Ablation studies consistently show cross-modal attention, dynamic latent evolution, and physically congruent regularization as critical design elements (Mazumder et al., 22 Aug 2025, Estornell et al., 25 Apr 2025).
5. Applications: Multimodal Fusion, Scientific Inference, and Control
Neural Koopman embeddings have enabled a range of advanced scientific and engineering tasks:
- Multimodal data fusion: Integration of structural and functional brain connectivity via cross-modal attention and Koopman latent flow, enabling classification and mechanistic insight into neurodevelopmental effects (Mazumder et al., 22 Aug 2025).
- Reduced-order modeling: Hybrid frameworks produce compact, data-driven surrogates for high-dimensional physical and biological systems, with precise modal decomposition and uncertainty quantification via variational inference (Estornell et al., 25 Apr 2025, Pan et al., 2019).
- Nonlinear control and robotics: Bilinear or adaptive neural Koopman controllers extend efficient linear control synthesis (MPC, LQR) to complex nonlinear plants, tracking targets under model mismatch and online disturbances (Singh et al., 2024, Shi et al., 2022, Zinage et al., 2022).
- Scientific discovery and interpretability: Structure-preserving embeddings (e.g., symplectic, Hamiltonian) yield interpretable latent models with guaranteed stability, supporting inverse design and principled prediction in domains such as fluid dynamics or neural development (Goyal et al., 2023, Frion et al., 2023).
6. Limitations, Extensions, and Open Challenges
While neural Koopman embeddings advance the data-driven identification and control of nonlinear systems, several theoretical and practical challenges remain:
- Finite-dimensional closure: Many dynamical systems (multi-attractor, chaotic) lack exact invariant finite-dimensional Koopman subspaces, requiring approximate or time-delay-augmented embeddings (Aswani et al., 2024).
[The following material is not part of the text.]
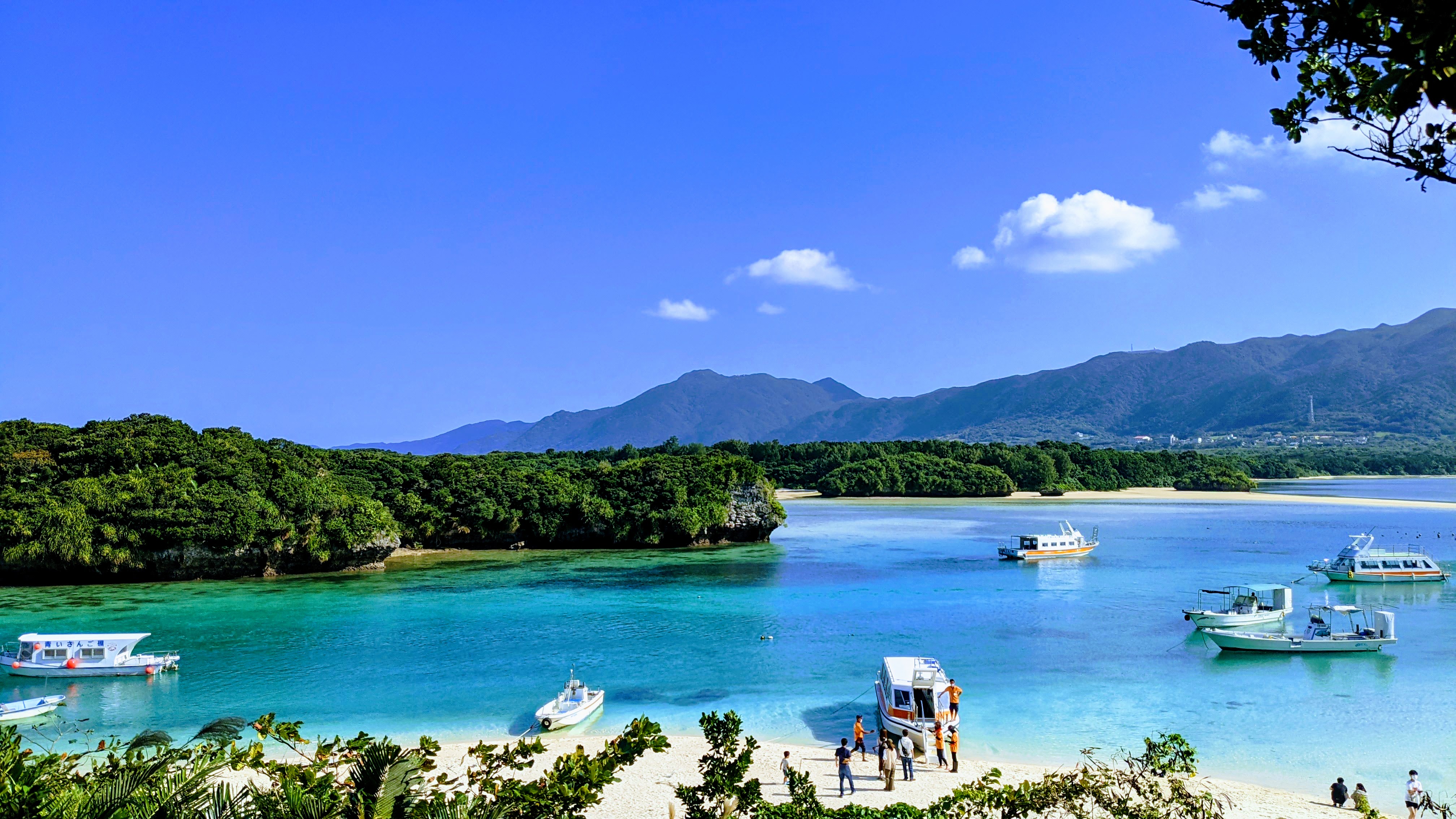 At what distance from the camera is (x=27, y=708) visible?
20.6 m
- Curse of dimensionality: Choice of embedding dimension and memory/order must balance fidelity and computational tractability; overparameterization may yield intractable SVDs or spurious modes (Estornell et al., 25 Apr 2025).
- Stability and generalization: Without explicit structural constraints, neural embeddings may fail outside training distribution or destabilize under feedback (Fan et al., 2024, Uchida et al., 2022). Control-aware training and regularization mitigate but do not eliminate this issue.
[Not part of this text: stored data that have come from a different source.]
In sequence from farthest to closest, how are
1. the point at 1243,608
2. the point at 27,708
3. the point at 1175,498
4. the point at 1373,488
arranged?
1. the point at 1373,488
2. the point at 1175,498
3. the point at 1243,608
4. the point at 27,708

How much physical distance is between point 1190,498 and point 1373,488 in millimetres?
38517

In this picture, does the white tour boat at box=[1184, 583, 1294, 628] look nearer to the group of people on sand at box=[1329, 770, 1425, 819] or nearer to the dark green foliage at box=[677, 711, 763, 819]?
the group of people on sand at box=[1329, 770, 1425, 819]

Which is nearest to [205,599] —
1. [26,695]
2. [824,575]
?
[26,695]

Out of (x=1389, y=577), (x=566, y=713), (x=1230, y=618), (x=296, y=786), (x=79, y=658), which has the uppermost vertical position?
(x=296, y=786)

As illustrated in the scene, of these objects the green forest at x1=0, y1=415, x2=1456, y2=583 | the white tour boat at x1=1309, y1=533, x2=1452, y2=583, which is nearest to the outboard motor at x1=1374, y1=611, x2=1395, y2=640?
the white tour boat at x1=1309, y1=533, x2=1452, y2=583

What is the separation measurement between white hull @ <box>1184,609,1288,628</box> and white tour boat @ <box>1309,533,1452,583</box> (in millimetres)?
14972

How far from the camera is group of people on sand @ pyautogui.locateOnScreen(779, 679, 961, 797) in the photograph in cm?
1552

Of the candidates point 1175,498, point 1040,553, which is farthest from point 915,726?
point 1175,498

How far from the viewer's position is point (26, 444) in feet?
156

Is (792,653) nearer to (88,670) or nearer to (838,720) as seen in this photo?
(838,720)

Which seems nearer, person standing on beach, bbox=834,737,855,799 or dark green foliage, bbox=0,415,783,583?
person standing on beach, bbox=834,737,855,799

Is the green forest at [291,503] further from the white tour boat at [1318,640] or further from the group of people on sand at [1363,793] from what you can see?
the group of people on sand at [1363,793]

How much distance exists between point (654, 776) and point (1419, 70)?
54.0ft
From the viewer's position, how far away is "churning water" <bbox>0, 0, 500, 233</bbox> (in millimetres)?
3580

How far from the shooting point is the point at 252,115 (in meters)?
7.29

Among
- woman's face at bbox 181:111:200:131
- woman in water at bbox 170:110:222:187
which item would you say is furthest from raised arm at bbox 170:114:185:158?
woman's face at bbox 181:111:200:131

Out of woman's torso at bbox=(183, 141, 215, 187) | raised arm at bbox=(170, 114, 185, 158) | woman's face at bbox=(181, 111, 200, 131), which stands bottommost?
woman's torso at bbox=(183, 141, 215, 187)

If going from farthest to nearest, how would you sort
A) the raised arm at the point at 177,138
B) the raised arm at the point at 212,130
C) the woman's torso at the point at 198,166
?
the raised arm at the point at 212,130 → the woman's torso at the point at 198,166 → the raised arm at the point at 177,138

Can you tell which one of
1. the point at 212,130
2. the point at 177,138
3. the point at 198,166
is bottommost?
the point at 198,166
- Interpretability: While latent flows may align with Koopman modes, true diagonalization and eigenfunction extraction is limited except in special cases; direct physical meaning of neural coordinates is often elusive (Mazumder et al., 22 Aug 2025, Jayarathne et al., 2023).
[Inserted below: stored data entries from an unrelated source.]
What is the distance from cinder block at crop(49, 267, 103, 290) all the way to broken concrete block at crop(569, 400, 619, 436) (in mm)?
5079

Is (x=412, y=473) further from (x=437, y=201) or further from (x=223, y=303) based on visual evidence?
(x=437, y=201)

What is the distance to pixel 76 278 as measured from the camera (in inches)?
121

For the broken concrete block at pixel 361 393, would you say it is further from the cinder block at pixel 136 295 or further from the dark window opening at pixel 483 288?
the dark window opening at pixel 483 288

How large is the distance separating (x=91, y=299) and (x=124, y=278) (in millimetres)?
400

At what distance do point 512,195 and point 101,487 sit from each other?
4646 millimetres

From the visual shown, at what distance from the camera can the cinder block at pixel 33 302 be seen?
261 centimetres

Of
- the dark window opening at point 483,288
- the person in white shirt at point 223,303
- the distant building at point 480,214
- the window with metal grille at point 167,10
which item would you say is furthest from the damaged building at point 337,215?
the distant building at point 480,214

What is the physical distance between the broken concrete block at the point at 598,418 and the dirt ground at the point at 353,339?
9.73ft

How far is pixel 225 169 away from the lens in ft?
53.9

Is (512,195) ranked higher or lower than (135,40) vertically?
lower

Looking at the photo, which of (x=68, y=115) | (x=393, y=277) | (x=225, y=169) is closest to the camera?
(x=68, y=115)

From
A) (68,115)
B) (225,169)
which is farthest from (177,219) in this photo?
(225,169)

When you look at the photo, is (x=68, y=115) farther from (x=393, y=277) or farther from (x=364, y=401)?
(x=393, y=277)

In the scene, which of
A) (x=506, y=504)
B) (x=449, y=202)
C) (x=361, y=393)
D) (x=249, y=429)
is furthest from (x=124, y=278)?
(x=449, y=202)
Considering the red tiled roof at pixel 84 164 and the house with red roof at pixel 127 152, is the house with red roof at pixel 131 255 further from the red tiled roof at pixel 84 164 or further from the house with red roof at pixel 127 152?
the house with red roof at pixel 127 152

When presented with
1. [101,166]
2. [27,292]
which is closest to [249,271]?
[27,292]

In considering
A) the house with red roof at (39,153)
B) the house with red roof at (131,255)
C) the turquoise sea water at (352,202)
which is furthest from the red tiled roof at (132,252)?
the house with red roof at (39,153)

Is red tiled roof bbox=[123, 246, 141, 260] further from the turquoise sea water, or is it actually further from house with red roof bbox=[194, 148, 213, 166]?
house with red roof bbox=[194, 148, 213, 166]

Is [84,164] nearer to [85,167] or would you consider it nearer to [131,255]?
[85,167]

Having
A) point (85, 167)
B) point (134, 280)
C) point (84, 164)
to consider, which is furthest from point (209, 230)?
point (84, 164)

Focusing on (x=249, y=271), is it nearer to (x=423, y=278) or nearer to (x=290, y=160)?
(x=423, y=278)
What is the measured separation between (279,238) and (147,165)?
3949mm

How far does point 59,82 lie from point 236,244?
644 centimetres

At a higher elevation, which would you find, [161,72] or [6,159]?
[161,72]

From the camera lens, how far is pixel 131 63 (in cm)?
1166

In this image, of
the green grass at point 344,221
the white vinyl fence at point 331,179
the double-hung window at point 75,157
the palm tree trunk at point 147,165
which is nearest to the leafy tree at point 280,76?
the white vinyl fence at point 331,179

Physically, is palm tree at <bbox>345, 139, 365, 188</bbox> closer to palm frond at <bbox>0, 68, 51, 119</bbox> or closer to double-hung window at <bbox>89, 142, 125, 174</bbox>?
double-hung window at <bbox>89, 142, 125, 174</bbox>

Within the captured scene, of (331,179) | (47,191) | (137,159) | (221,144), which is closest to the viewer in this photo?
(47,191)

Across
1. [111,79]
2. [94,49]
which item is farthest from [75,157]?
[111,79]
- Extension to complex architectures: Generalization to convolutional, recurrent, or spatio-temporal graph networks is an active area, with block-Toeplitz or delay-embedding techniques proposed but not universally validated (Aswani et al., 2024).
- Online and adaptive learning: Recent conformal and adaptive schemes selectively update embeddings and operators in response to model error or system drift, balancing tracking accuracy with avoidance of catastrophic forgetting (Gao et al., 16 Nov 2025, Singh et al., 2024).
7. Outlook
Neural Koopman embeddings synthesize the analytic tractability of operator-theoretic methods with the representational power of deep learning, forming a foundation for interpretable, robust, and generalizable nonlinear system identification, prediction, data assimilation, and control. Principal directions for ongoing research include principled basis selection, scalable training for high-dimensional and multi-modal datasets, rigorous uncertainty quantification, and integration of strong priors and structure—physical, causal, or cognitive—directly into the neural-encoded Koopman framework.
References: (Mazumder et al., 22 Aug 2025, Uchida et al., 2022, Aswani et al., 2024, Estornell et al., 25 Apr 2025, Pan et al., 2019, Singh et al., 2024, Jayarathne et al., 2023, Frion et al., 2023, Gao et al., 16 Nov 2025, Gallos et al., 2023, Goyal et al., 2023, Li et al., 2019, Uchida et al., 2023, Fan et al., 2024, Yeh et al., 2023, Zinage et al., 2022, Shi et al., 2022).